[Opening Material for the task section]

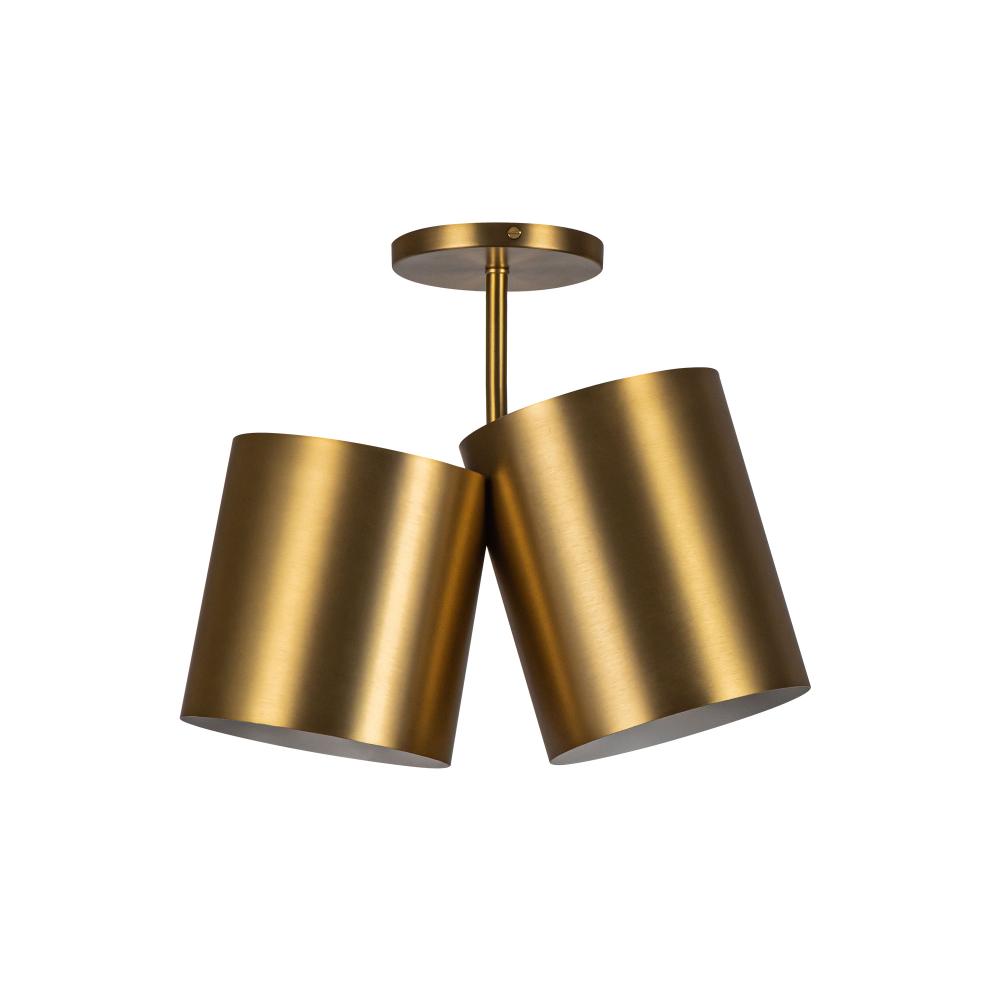 Kuzco SF58814-BG Keiko 14-in Semi-Flush Mount Light Fixture, UL Damp Rated, Brushed Gold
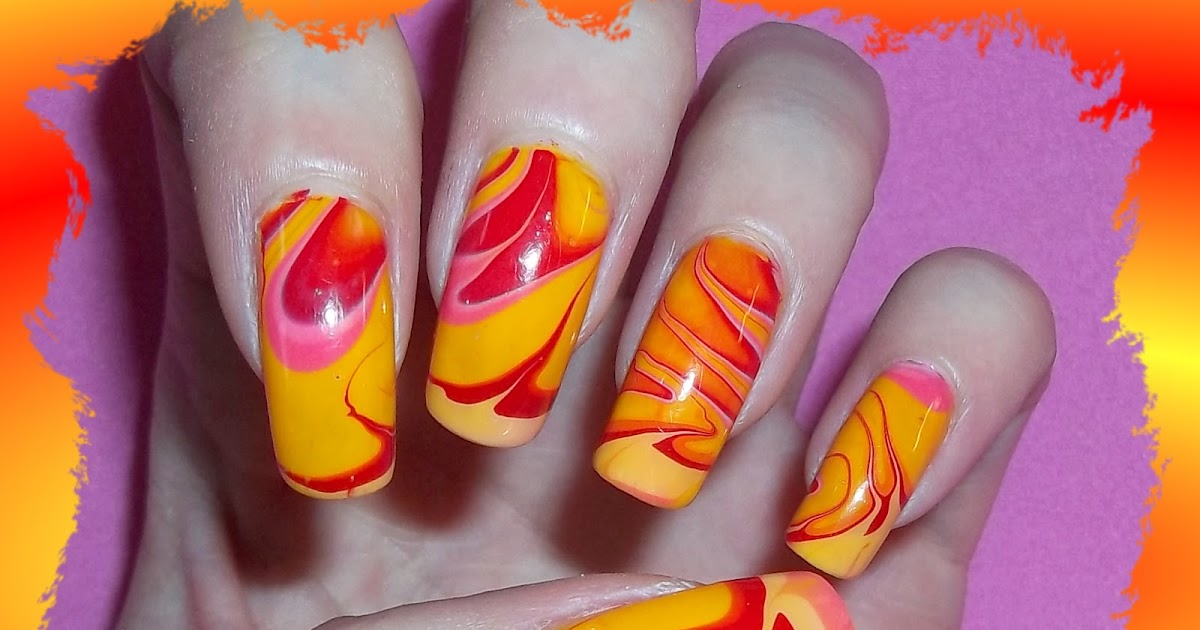 Рисуем огонь на ногтях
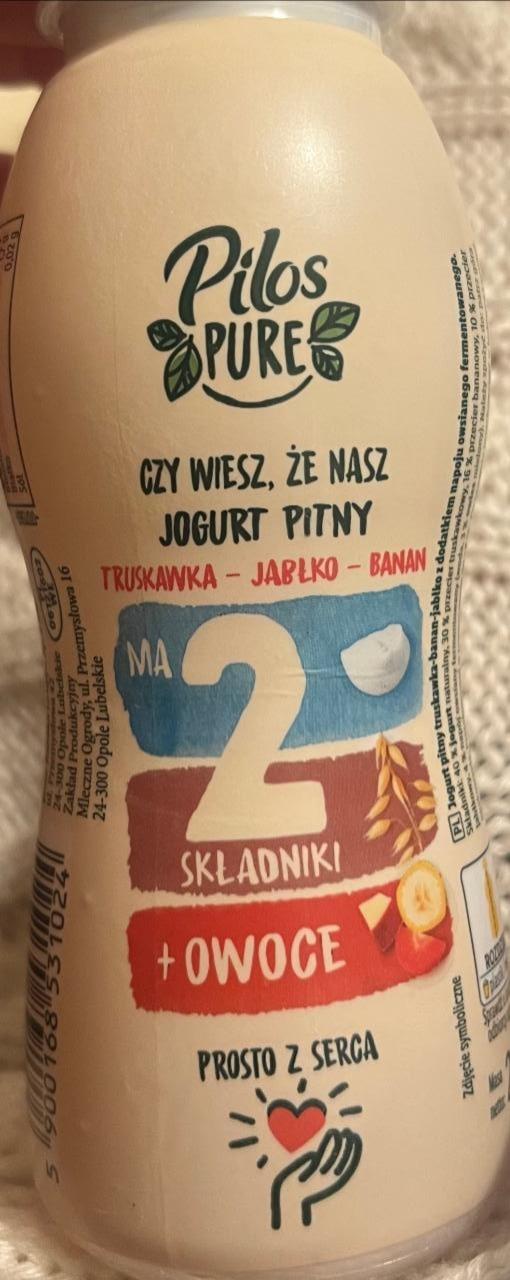 Zdjęcia - Jogurt pitny truskawka jabłko banan z dodatkiem napoju owsianego Pilos Pure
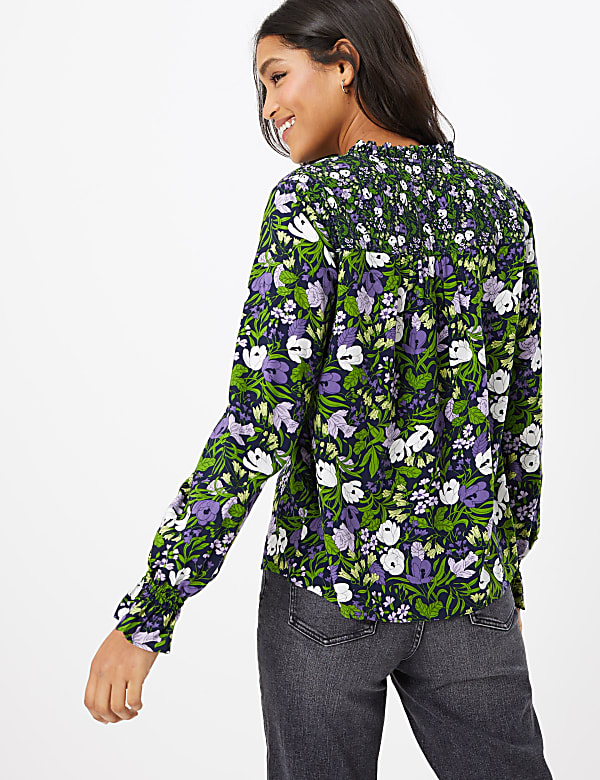 Floral Print Ruffle Neck Blouse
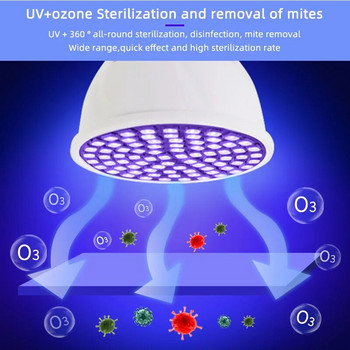 Kaguyahime UVC UV дезинфекцираща крушка Бактерицидна E27 LED ултравиолетови стерилизаторни лампи Вътрешни озонови лампи за убиване на бактериални акари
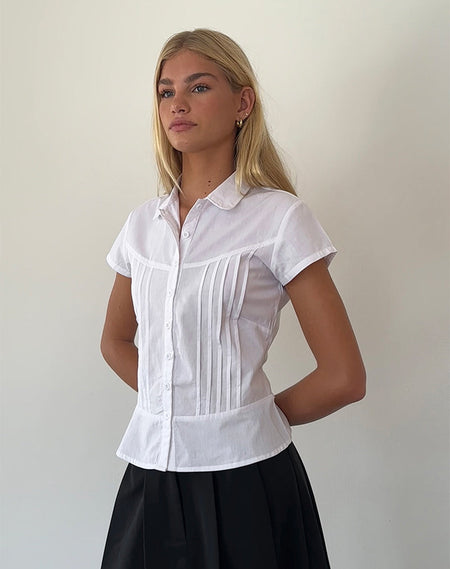 Ulsan Fitted Shirt in Black and Grey Stripe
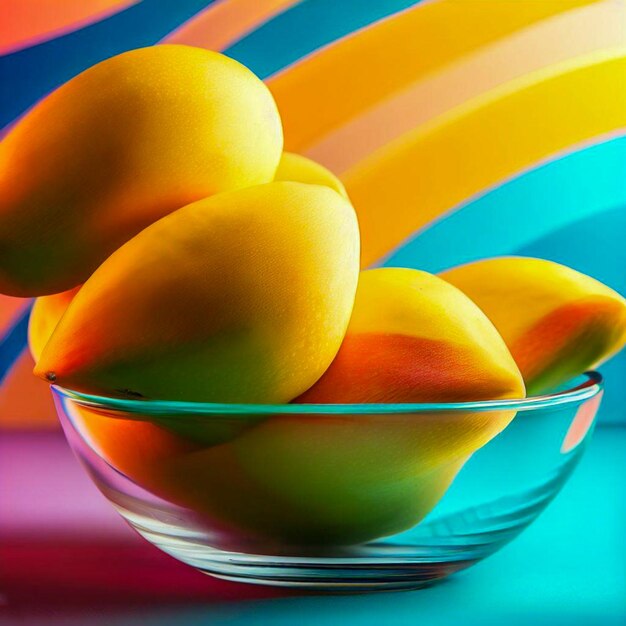 Foto un recipiente de vidrio con mangos con fondo colorido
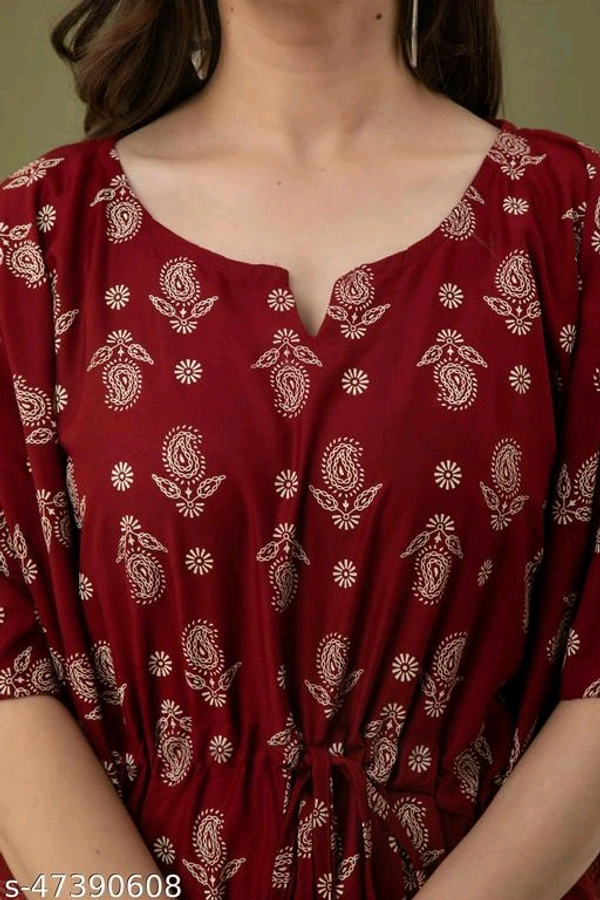 Trendy Modern Women PCENF5343 Tops & Tunics*Fabric: RayonSleeve Length: Three-Quarter SleevesPattern: PrintedNet Quantity (N): 1Sizes:S (Bust Size: 36 in, Length Size: 34 in) M (Bust Size: 38 in, Length Size: 34 in) L (Bust Size: 40 in, Length Size: 34 in) XL (Bust Size: 42 in, Length Size: 34 in) XXL (Bust Size: 44 in, Length Size: 34 in) XXXL, 4XLDispatch: 1 Day*Proof of Safe D - XXL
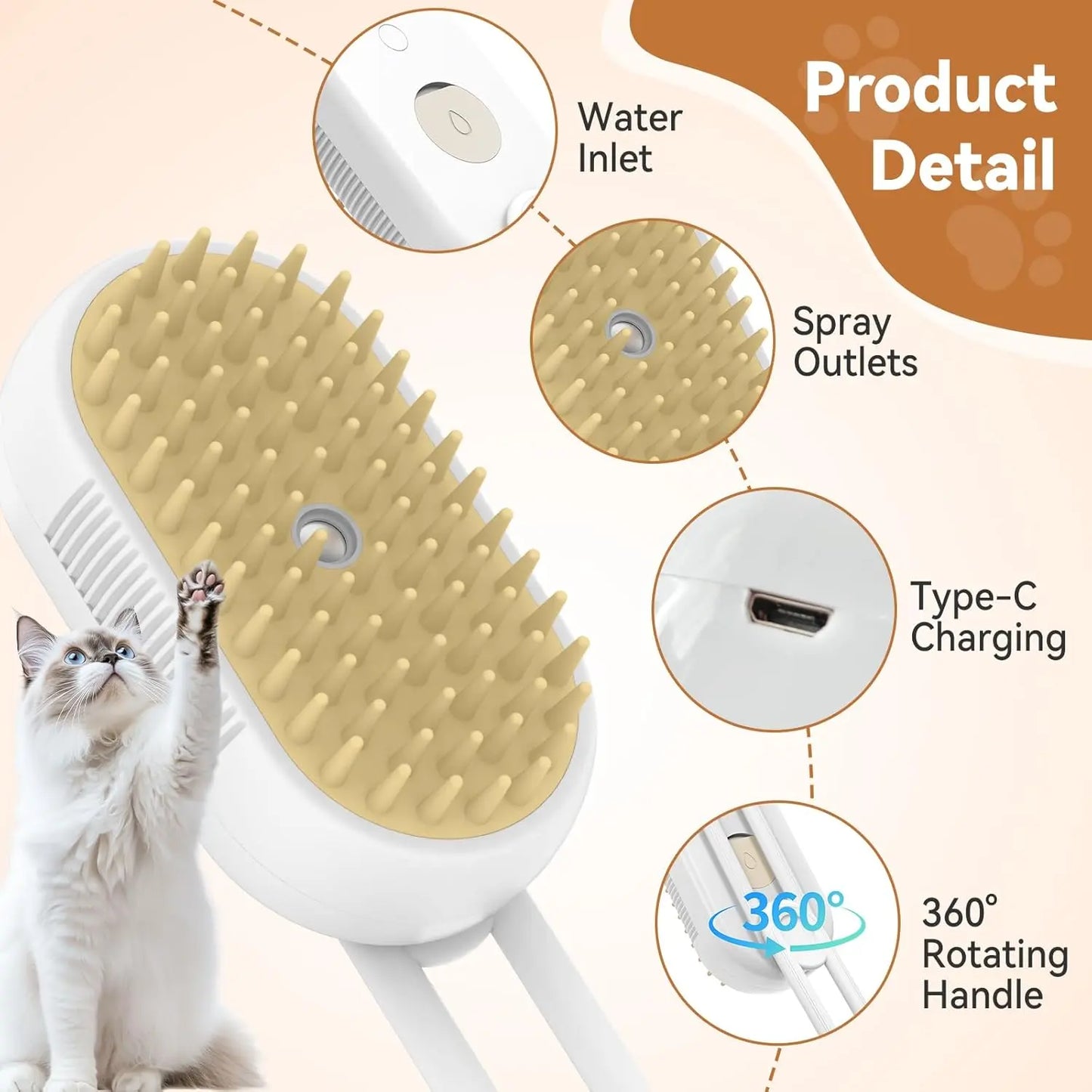 Transform Your Pet's Grooming Routine with the 4-in-1 Rechargeable Steam Brush - Perfect for Cats and Dogs!
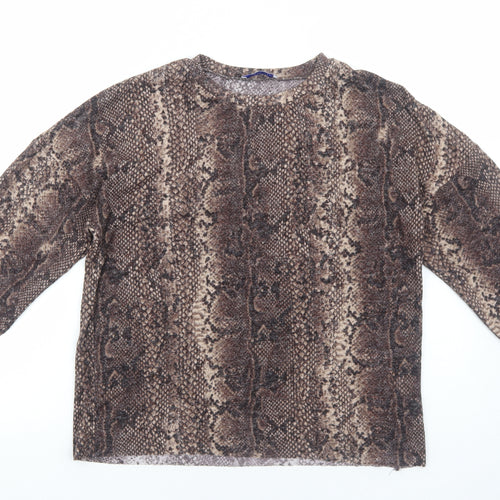 Zara Womens Brown Animal Print Polyester Basic T-Shirt Size S Round Neck - Snake print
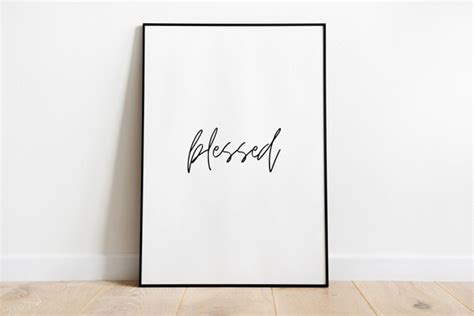 Blessed Calligraphy Art Print Blessed Typography Art Print Etsy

[Closing Material for the task section]

* _Your task_: Write out word for word the lines of the listing above from the line with "Kaguyahime UVC UV" to the line with "Foto un recipiente", taking in both of those lines but no pictures.

* _Result of this exercise_:
 Kaguyahime UVC UV дезинфекцираща крушка Бактерицидна E27 LED ултравиолетови стерилизаторни лампи Вътрешни озонови лампи за убиване на бактериални акари
 Ulsan Fitted Shirt in Black and Grey Stripe
 Foto un recipiente de vidrio con mangos con fondo colorido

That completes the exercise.